U.S. Immigration and Customs Enforcement (ICE) Form I-9 notices have continued to soar this year. As ICE worksite enforcement has been increasing, California employers need to comply with the new state template when served with a Form I-9 audit notice. The California Labor Commissioner’s Office published a new template for employers which focusses on the state’s new law when receiving a Form I-9 inspection notice and the protection on immigrant rights.

 

Pursuant to Labor Code section 90.2(a), employers are required to provide notice to employees of any inspection of I-9 Employment Eligibility Verification forms or other employment records by an immigration agency by posting a notice within 72 hours of receiving the notification of inspection. Assembly Bill 450, which added Labor Code section 90.2 (a), prohibits unfair immigration-related practices against a person exercising specified rights.

 

Employers must provide, upon request, a copy of the federal notice of inspection to the requesting employee.

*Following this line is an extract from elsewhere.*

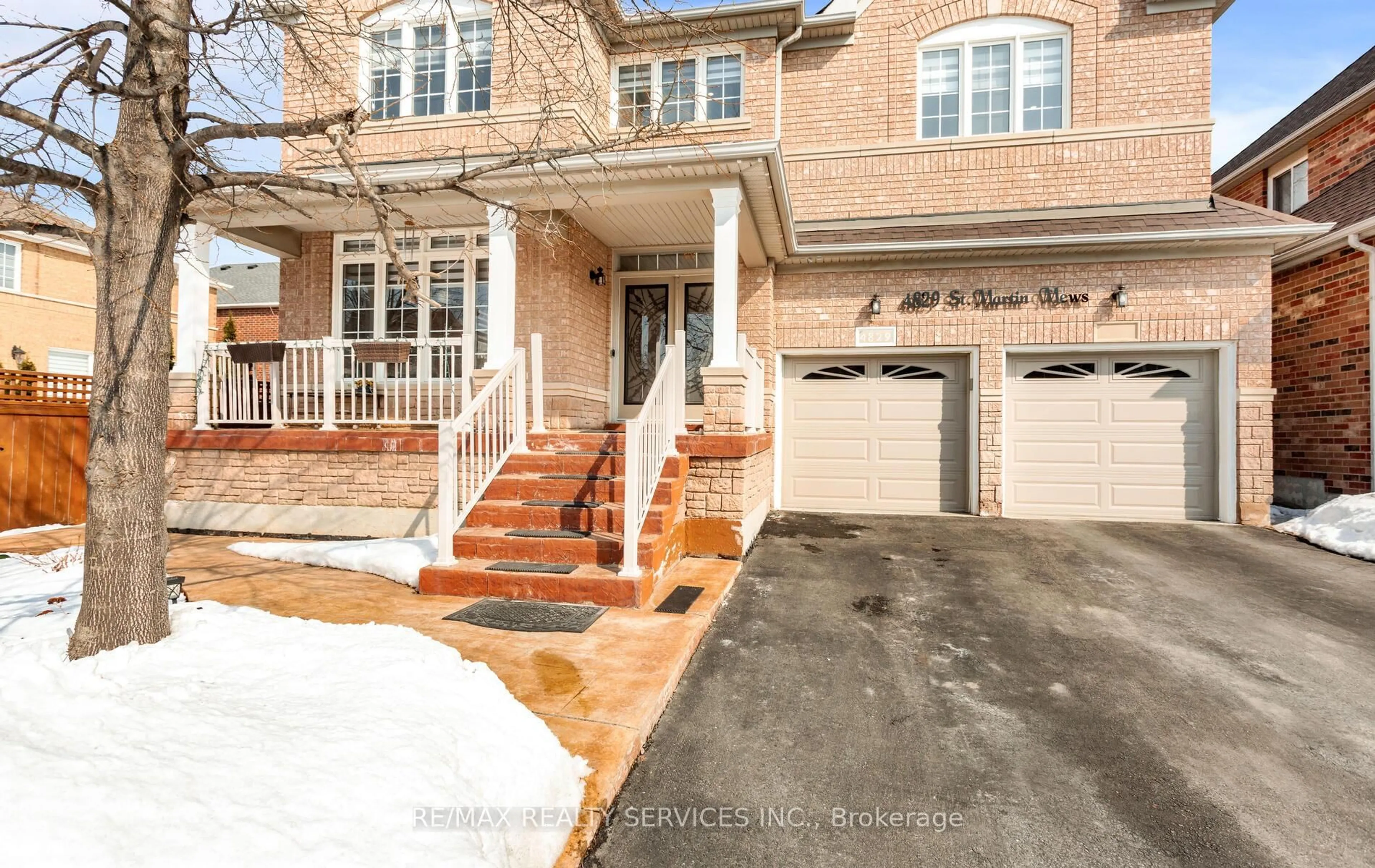 Unknown for 4829 St. Martin Mews, Mississauga Ontario L5M 7J9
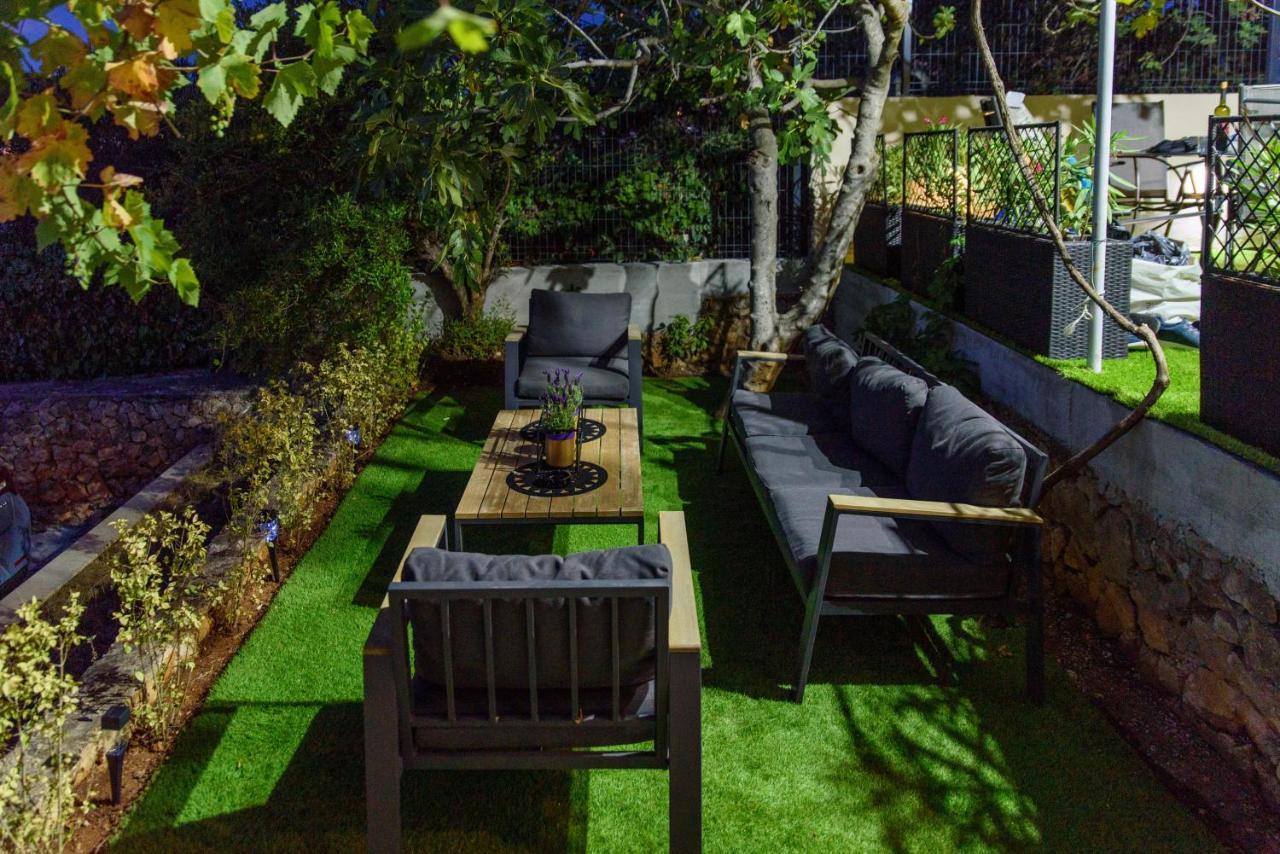 Beach Holiday Home With Private Jacuzzi & Parking Trogir Zewnętrze zdjęcie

The law also indicates that employers should publish the notice, which means that it should be at the employer’s worksite in a place frequently visited by employees where it can be seen and read. The California Department of Industrial Relations has provided the sample NOI notice in the webpage under workplace postings. Unions can also request to be handed over the notice.

 

The law also requires the sample NOI notice should include: (a)the copy of the federal agency’s notice of inspection received by the employer; (b)the date on which the employer received the NOI; (c)the date of the inspection; (d)the scope of the federal agency’s inspection; (e)the employer’s obligations concerning providing information within the scope of the federal agency’s notice of inspection; (f)telephone number for a hotline operated by an organization that provides information and advocacy related to immigrant and refugee worker’s rights; and(g) the list of items requested in the inspection.

 

After the inspection and within 72 hours of receiving the inspection results, employers must provide a copy of the results and a written notice of the employer’s and employee’s obligations arising from the inspections to each employee identified by the inspection results as not having adequate work authorization or lacking needed documents.

 

The notice must relate only to the affected employee and must be given in person at the workplace. If that’s not possible, the notice must be delivered by mail or email.

 

Non compliance can result in fines for employers anywhere between $2,000 and $10,000 for each violation of the notice requirements. In addition to that, the state and federal law can impose further fines for failing to adhere with worker authorization requirements.